Date & start time: Friday 9th April 2021. 11.15 am start.
Location of Start : Near the Swinside Houses, Whinlatter, Cumbria, Uk. ( NY 192 145)
Places visited : Grisedale Pike, Hopegill Head, Whiteside and home, a linear walk today.
Walk details : 8 mls, 2612 ft of ascent, 3245 ft of descent, 4 hours 45 mins.
Highest point : Grisedale Pike, 2593 ft - 791m.
Walked with : Cathy, Mark and the dogs, Dylan and Dougal.
Weather : Perfect sunshine and blue skies, cool in the breeze at times.
© Crown copyright. All rights reserved. Licence number PU 100034184.
My eldest daughter Cathy and partner Mark are here and are able to enjoy the continuing sunshine that the Lakes has on offer this Easter.

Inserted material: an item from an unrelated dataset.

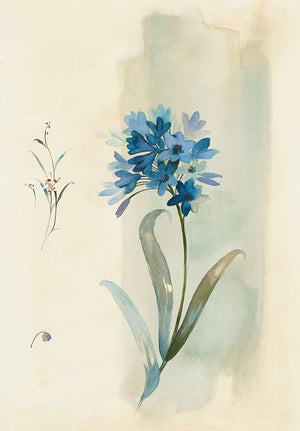 Modern Blue Floral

Like her sisters, she also wants to strike out and climb some high fells, so we drive to Whinlatter and then walk back on a linear route to home.

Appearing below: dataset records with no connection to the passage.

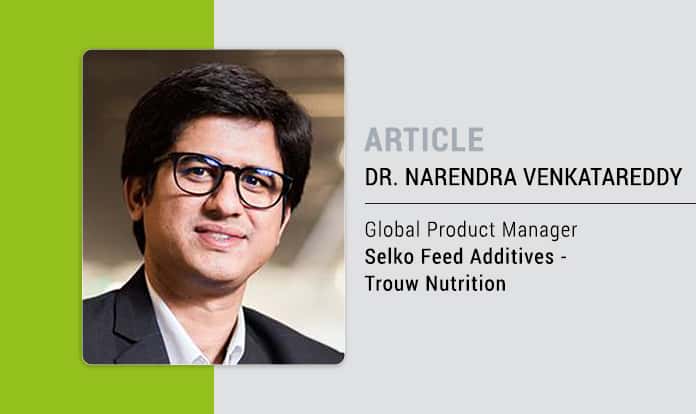 Heat stress management: The importance of beef cattle nutrition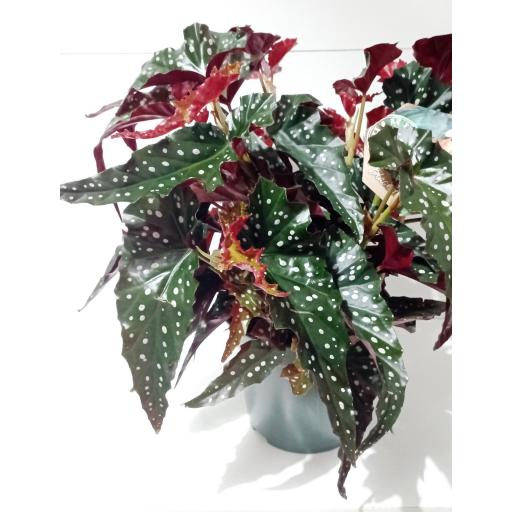 Begonia maculata black forest [3]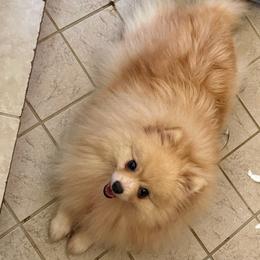 Luna - Pomeranian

We start at the parking area just up from the Swinside Cottages (down from Whinlatter Centre) which has space for quite a number of cars.

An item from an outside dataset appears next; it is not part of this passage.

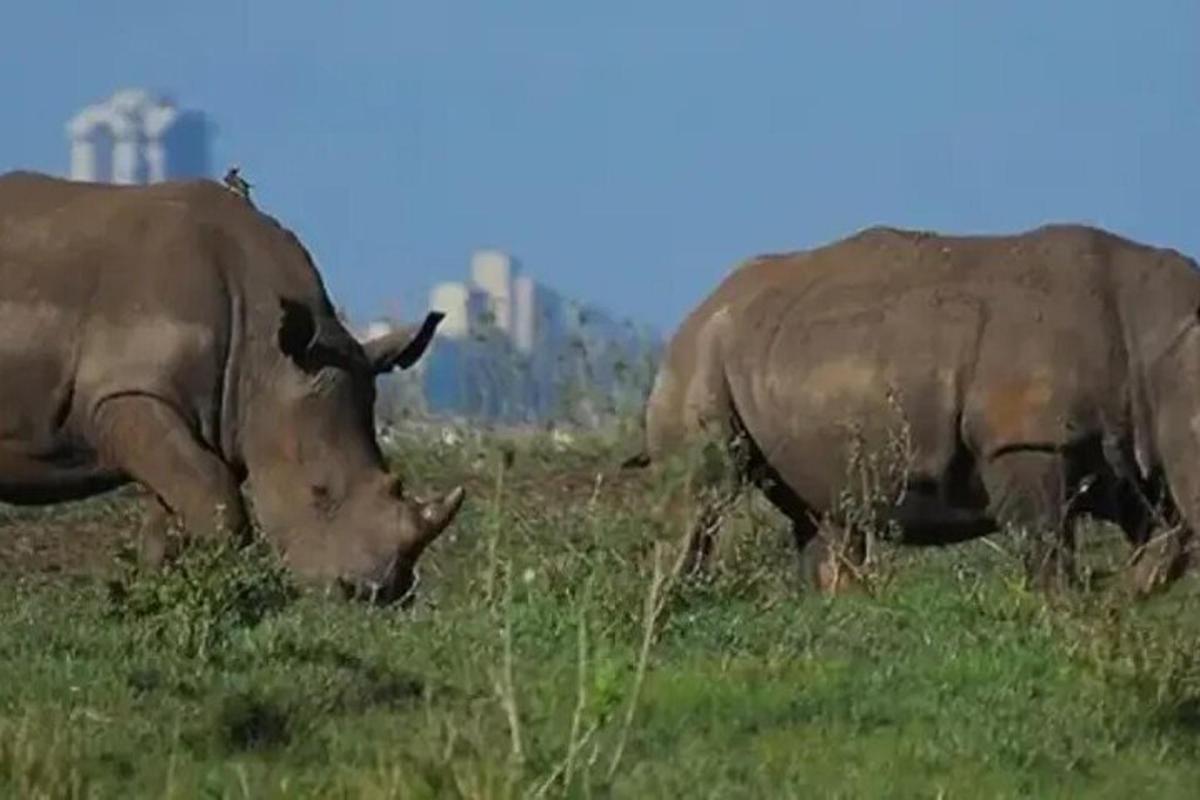 Dos rinocerontes pastando en un campo de hierba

On the Whinlatter Fell opposite the Ordnance Survey have left a tree symbol to represent the forest.
Today's walking party soon after the start.
We starts along the forest track, passing several areas of storm damaged trees.
The track also passes an old sheepfold that pre-dates the planting of the forest.
In there is a large rhododendron bush, origin unknown.
Cleared forestry since my last visit makes finding the path to Grisedale Pike so much easier than I remember.
Climbing up out of the trees and we get our first view of Skiddaw.
This is the start of a steady, straight climb up alongside an old wall, direct to the top.
Navigation is easy, even when you haven't got good weather like today !
As we climb the view widens to include the Whinlatter fells and a lot more forestry.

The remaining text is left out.